Richard Gary Brautigan (1935–1984) was an American postmodern writer and poet popular in Japan, whose creative activity was greatly influenced by Japanese literature and culture. His prose works, inspired by travels to Japan, are: “Sombrero Fallout: A Japanese Novel”, and a collection of 131 very short stories, “The Tokyo–Montana Express”. In May and June of 1976, during his first trip to Japan, Brautigan created a cycle of seventy-seven poems in prose dedicated to this journey – “June 30th, June 30th”, in the introduction to which he
explained the emergence of interest in Japanese culture by how he had felt as a child about a relative who had participated in World War II. This paper examines the images of Japan that push the poet towards introspection and reflection and can be metaphorically understood as a travel inside one’s own self, as a way to self-awareness.
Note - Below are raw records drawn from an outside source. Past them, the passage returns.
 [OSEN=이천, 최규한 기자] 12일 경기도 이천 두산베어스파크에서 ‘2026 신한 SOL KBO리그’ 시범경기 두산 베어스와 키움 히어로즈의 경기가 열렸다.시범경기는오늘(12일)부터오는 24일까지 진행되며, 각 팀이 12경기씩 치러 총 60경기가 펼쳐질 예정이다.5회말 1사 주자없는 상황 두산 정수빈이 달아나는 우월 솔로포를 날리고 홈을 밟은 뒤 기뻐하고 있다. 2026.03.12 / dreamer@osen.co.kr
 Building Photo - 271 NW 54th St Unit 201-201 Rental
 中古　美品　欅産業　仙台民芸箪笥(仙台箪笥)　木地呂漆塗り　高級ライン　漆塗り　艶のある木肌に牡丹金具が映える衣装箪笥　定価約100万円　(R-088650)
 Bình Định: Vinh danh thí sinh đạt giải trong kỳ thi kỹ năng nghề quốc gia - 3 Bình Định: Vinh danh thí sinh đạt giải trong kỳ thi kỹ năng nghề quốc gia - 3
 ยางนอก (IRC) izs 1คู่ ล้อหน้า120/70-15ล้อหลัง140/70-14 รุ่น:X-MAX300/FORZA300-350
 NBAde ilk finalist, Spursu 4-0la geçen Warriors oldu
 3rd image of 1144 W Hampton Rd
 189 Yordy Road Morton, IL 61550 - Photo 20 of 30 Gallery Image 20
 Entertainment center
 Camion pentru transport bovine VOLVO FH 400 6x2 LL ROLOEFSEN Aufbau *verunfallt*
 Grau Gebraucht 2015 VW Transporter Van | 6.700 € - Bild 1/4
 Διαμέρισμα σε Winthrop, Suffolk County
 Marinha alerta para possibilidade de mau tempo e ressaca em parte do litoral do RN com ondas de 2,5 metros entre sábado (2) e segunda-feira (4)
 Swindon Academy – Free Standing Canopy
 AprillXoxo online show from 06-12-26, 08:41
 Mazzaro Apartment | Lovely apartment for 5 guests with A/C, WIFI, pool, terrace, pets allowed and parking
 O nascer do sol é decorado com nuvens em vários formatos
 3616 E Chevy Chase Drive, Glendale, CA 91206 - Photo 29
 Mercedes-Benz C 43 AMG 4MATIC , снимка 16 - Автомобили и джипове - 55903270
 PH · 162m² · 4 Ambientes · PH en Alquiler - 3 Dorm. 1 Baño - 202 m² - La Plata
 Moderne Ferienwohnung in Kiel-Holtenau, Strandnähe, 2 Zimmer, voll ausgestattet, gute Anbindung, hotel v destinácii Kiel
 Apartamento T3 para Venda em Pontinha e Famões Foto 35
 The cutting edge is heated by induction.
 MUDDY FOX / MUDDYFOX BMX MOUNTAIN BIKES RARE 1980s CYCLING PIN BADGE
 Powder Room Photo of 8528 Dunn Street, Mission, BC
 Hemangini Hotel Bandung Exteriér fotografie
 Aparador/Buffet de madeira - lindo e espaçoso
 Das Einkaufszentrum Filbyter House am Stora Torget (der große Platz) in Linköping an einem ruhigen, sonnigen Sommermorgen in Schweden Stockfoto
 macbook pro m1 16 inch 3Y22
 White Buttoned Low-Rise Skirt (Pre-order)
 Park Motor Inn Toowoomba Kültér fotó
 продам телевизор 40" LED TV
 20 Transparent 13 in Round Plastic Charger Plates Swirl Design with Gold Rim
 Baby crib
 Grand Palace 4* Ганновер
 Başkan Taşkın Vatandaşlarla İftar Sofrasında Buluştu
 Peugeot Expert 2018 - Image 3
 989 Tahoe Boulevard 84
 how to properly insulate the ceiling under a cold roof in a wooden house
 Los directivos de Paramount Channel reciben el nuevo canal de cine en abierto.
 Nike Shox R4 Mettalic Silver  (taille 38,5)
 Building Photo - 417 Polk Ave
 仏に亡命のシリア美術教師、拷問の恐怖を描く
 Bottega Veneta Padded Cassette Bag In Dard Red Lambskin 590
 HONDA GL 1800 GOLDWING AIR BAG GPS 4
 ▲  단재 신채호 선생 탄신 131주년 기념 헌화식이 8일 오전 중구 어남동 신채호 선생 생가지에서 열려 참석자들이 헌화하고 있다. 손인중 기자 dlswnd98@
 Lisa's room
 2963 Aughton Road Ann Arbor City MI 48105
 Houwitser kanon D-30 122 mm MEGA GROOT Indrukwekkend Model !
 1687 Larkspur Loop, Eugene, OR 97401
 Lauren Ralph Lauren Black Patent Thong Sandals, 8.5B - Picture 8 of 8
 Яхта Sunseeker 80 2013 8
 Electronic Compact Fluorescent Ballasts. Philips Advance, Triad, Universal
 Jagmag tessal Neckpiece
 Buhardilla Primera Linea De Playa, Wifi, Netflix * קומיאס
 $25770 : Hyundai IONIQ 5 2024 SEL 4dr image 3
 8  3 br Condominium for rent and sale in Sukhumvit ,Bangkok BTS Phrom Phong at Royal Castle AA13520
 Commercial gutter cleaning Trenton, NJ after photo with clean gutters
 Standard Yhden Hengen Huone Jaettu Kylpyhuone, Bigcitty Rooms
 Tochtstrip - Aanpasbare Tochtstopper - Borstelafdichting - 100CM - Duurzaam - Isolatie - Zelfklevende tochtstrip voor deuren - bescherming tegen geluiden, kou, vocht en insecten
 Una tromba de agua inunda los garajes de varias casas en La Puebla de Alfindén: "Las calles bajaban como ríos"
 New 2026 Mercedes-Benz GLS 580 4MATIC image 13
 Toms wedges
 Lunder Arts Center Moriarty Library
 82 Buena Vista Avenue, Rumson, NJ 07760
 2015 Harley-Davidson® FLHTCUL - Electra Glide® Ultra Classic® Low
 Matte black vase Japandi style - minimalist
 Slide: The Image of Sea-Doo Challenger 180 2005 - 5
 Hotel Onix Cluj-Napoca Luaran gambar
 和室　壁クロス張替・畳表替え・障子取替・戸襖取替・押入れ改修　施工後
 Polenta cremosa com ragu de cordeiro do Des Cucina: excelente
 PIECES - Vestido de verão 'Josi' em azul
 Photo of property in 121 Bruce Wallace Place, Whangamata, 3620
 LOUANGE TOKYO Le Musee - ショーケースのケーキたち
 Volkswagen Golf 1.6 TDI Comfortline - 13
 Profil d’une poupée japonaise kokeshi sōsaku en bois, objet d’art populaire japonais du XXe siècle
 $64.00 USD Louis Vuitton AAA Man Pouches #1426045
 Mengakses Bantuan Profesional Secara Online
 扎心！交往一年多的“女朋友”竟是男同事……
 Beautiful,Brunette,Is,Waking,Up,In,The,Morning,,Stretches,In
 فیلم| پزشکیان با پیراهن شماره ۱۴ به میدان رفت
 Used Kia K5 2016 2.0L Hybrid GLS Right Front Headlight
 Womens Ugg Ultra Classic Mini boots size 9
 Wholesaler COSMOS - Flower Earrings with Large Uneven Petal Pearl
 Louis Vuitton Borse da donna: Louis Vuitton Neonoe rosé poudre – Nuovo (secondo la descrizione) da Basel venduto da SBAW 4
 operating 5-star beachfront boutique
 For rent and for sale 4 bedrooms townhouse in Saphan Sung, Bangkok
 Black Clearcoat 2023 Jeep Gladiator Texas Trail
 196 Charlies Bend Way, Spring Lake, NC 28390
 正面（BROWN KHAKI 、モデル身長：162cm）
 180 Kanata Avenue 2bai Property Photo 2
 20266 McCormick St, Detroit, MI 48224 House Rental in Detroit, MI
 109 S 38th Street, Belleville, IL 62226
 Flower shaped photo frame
Themes, ideas, artistic devices and literary techniques, allusions to Japanese poetry, as well as the influence of Zen Buddhism and haibun literary form on Brautigan’s poetic experiments are analyzed. The writer’s poems of the Japanese cycle are discussed with regard to the references in his work to Japanese medieval literature, the aesthetics of which he combines with postmodern tendencies. The postmodern image of the lyrical character, who acutely feels his loneliness, comes to the forefront; for him, Japan for the first time shifts from the realm of fantasy to the realm of actual experience, which pushes the poet towards introspection. Postmodernism in this collection of poetry is manifested in the fact that the personality of the protagonist is a reflective project, and the
images of Japan are depicted as catalysts for this reflection. The collection is characterized by such techniques as intertextuality; fragmentation; removal of boundaries between reality and illusion; irony, allegory, symbolism of images, and use of hybrid genres. At the same time, allusions to Japanese literature are in the diary structure (a travel journal) of the poetry collection, partly reminiscent of haibun, partly – of zuihitsu; as well as in references to a number of traditional images from haiku by poets Bashō Matsuo and Kobayashi Issa (a frog, a crow, a dewdrop world), which sometimes acquire new interpretations from Brautigan.